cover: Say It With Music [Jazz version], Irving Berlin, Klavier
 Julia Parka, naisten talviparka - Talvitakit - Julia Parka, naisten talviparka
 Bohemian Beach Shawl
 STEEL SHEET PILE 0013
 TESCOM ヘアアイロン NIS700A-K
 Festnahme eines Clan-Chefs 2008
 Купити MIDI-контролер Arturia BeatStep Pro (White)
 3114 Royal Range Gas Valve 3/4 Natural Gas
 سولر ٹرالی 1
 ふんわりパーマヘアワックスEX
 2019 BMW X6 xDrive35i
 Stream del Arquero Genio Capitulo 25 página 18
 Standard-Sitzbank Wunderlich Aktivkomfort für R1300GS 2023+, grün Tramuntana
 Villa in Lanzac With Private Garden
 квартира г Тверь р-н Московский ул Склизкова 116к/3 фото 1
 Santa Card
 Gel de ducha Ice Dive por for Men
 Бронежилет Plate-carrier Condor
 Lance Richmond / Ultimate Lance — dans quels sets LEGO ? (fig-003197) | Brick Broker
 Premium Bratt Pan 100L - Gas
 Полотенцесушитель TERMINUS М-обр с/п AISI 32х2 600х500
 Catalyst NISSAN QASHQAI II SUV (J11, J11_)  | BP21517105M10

◆ What is needed: The records above are to be restated word for word, in full.

◆ Task output:
cover: Say It With Music [Jazz version], Irving Berlin, Klavier
 Julia Parka, naisten talviparka - Talvitakit - Julia Parka, naisten talviparka
 Bohemian Beach Shawl
 STEEL SHEET PILE 0013
 TESCOM ヘアアイロン NIS700A-K
 Festnahme eines Clan-Chefs 2008
 Купити MIDI-контролер Arturia BeatStep Pro (White)
 3114 Royal Range Gas Valve 3/4 Natural Gas
 سولر ٹرالی 1
 ふんわりパーマヘアワックスEX
 2019 BMW X6 xDrive35i
 Stream del Arquero Genio Capitulo 25 página 18
 Standard-Sitzbank Wunderlich Aktivkomfort für R1300GS 2023+, grün Tramuntana
 Villa in Lanzac With Private Garden
 квартира г Тверь р-н Московский ул Склизкова 116к/3 фото 1
 Santa Card
 Gel de ducha Ice Dive por for Men
 Бронежилет Plate-carrier Condor
 Lance Richmond / Ultimate Lance — dans quels sets LEGO ? (fig-003197) | Brick Broker
 Premium Bratt Pan 100L - Gas
 Полотенцесушитель TERMINUS М-обр с/п AISI 32х2 600х500
 Catalyst NISSAN QASHQAI II SUV (J11, J11_)  | BP21517105M10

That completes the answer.